▶ EXERCISE DESCRIPTION:
Copy exactly, and only, the lines from the line containing "Boavan rolling backpack" through the last line of the records below, both included, and leave out any pictures.

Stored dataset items
======

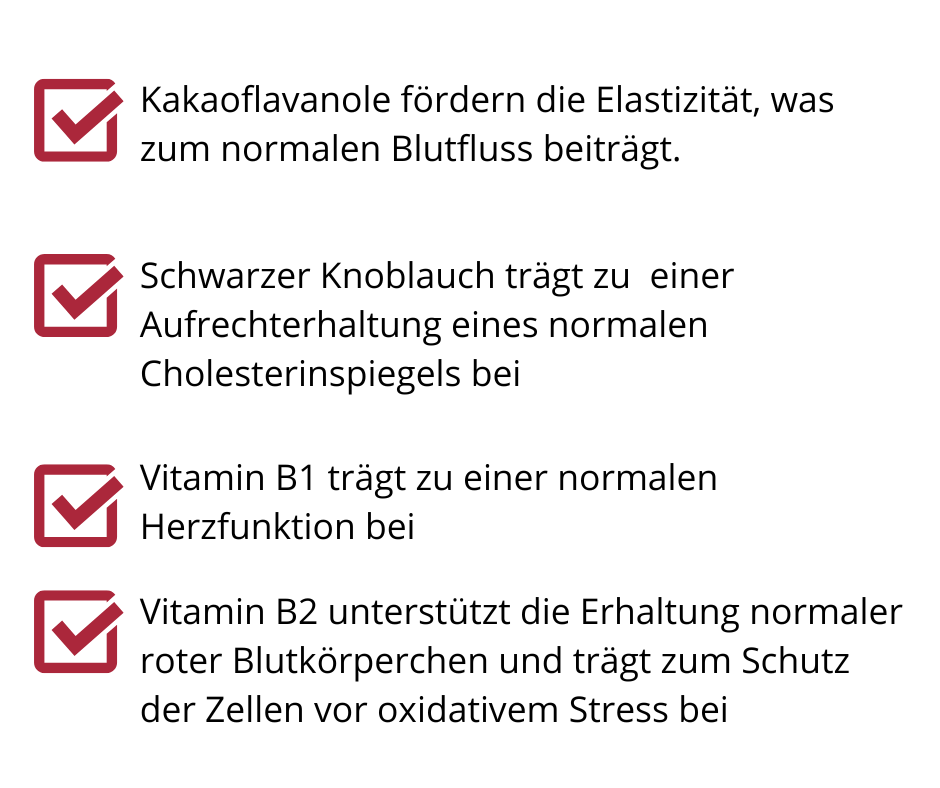 Alpinamed Cardiovasc Cacao - 60 Kapseln bei Apotheke Zaversky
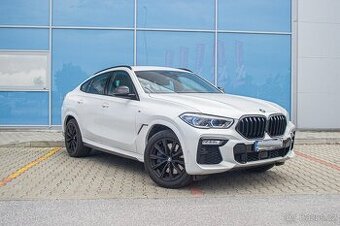 BMW X6 xDrive 40i A/T 2020 - 1
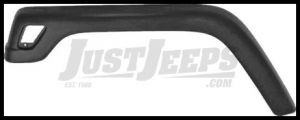 Omix-ADA Front Driver Side Fender Flare 1997-06 Wrangler TJ and Unlimited 11603.03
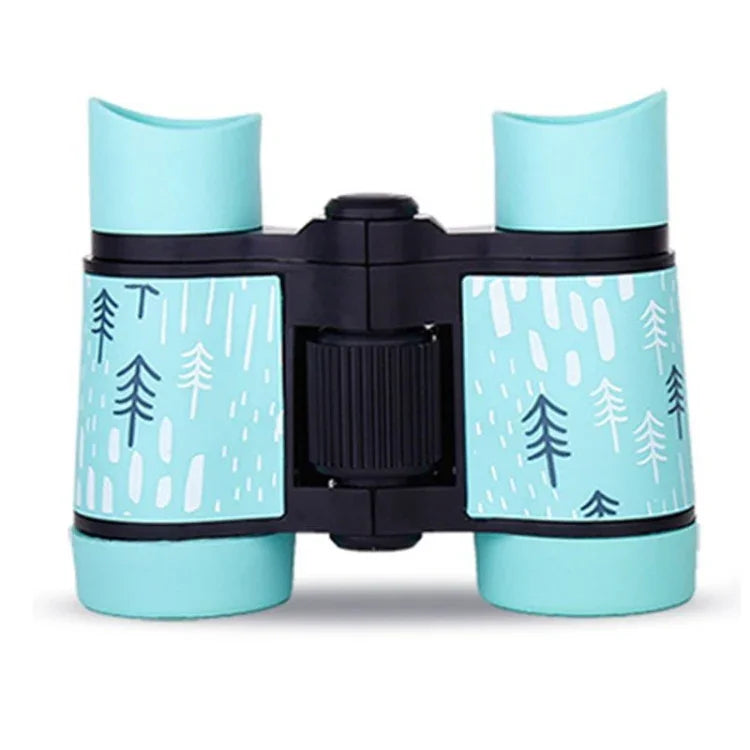 กล้องส่องทางไกล 4X30 กล้องโทรทรรศน์ดูนก ของขวัญสำหรับเด็ก รุ่น 4X30 ฤดูฝน สีเขียว, 4X30 ฤดูฝน สีน้ำเงิน, 4X30 ฤดูฝน สีแดง, 4X30 ฤดูฝน สีเหลือง, 4X30 ฤดูฝน สีม่วง, 4X30 ฤดูฝน สีชมพู
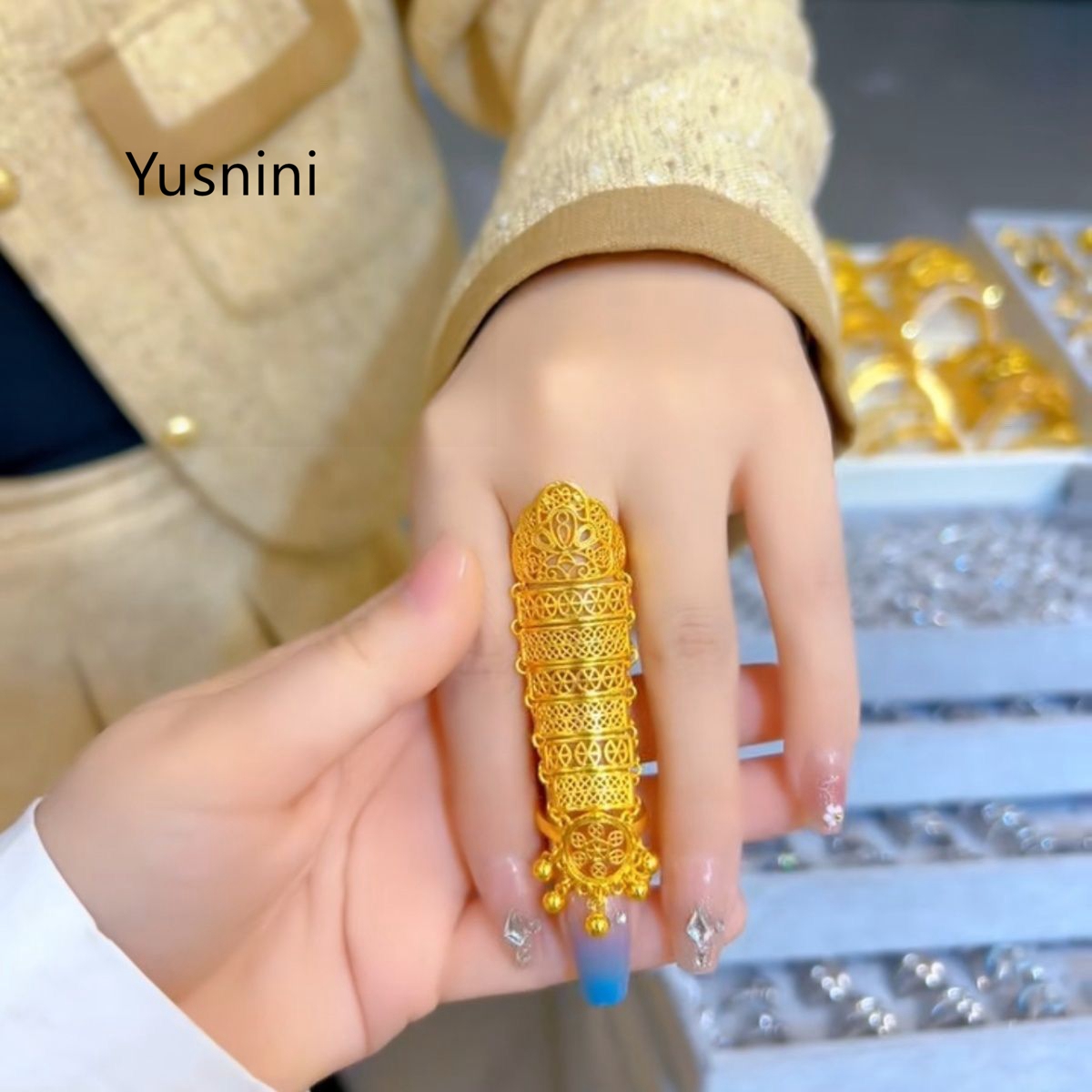 Горячая новинка: Дубайское юве – обзор и цена Ethnic Fashion In Dubai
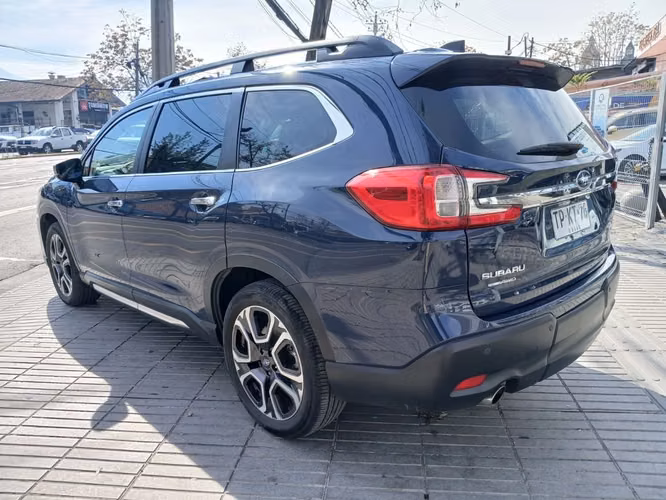 SUBARU EVOLTIS 2024 - Imagen 8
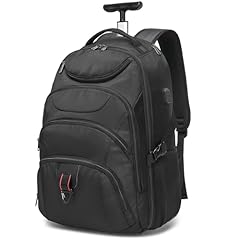 Boavan rolling backpack for sale  Delivered anywhere in USA 
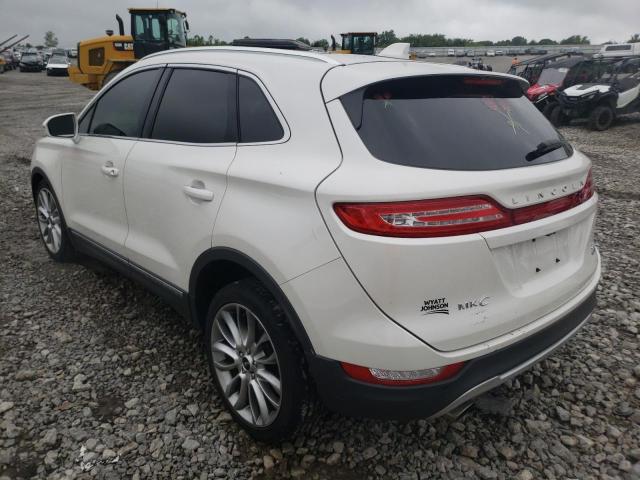 صورة رقم 3 من المزاد - 2015 LINCOLN MKC مع VIN 5LMCJ1A96FUJ20246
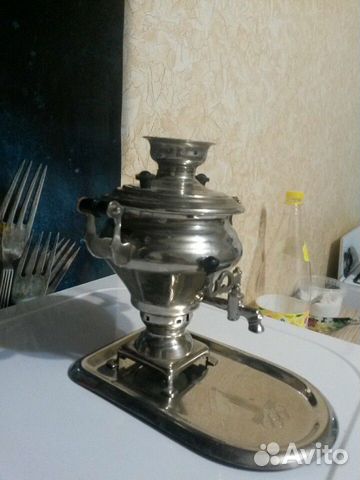 Продам Самовар маленький колекционерный Продам Самовар маленький колекционерный
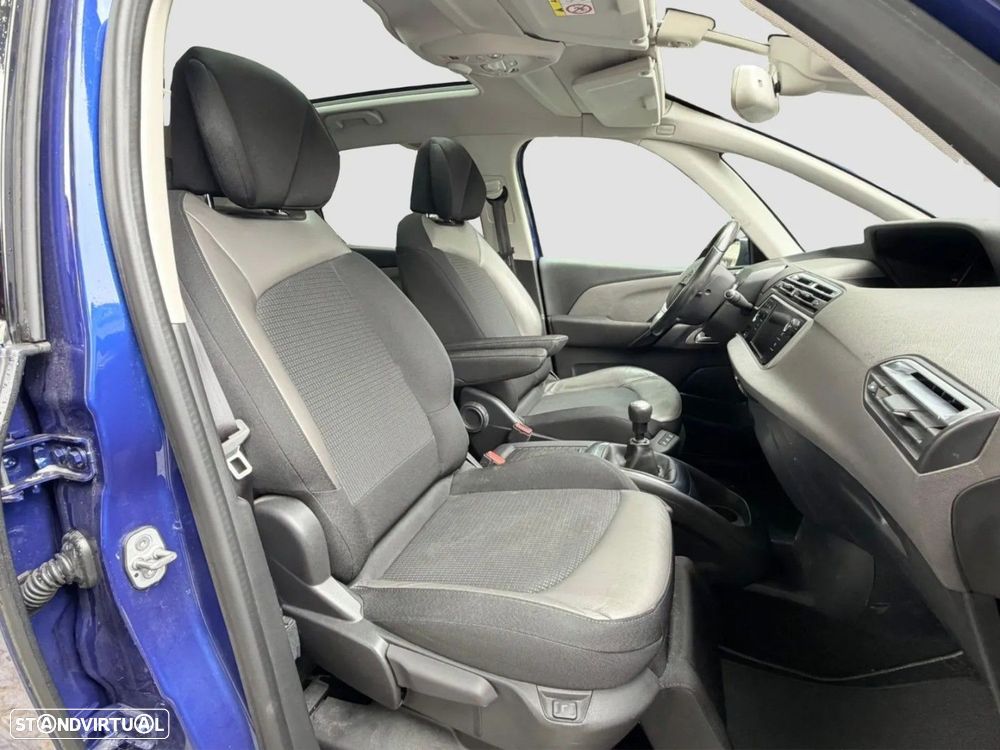 Citroën C4 Picasso - 14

======

▶ REPLY:
 Boavan rolling backpack for sale  Delivered anywhere in USA 
 صورة رقم 3 من المزاد - 2015 LINCOLN MKC مع VIN 5LMCJ1A96FUJ20246
 Продам Самовар маленький колекционерный Продам Самовар маленький колекционерный
 Citroën C4 Picasso - 14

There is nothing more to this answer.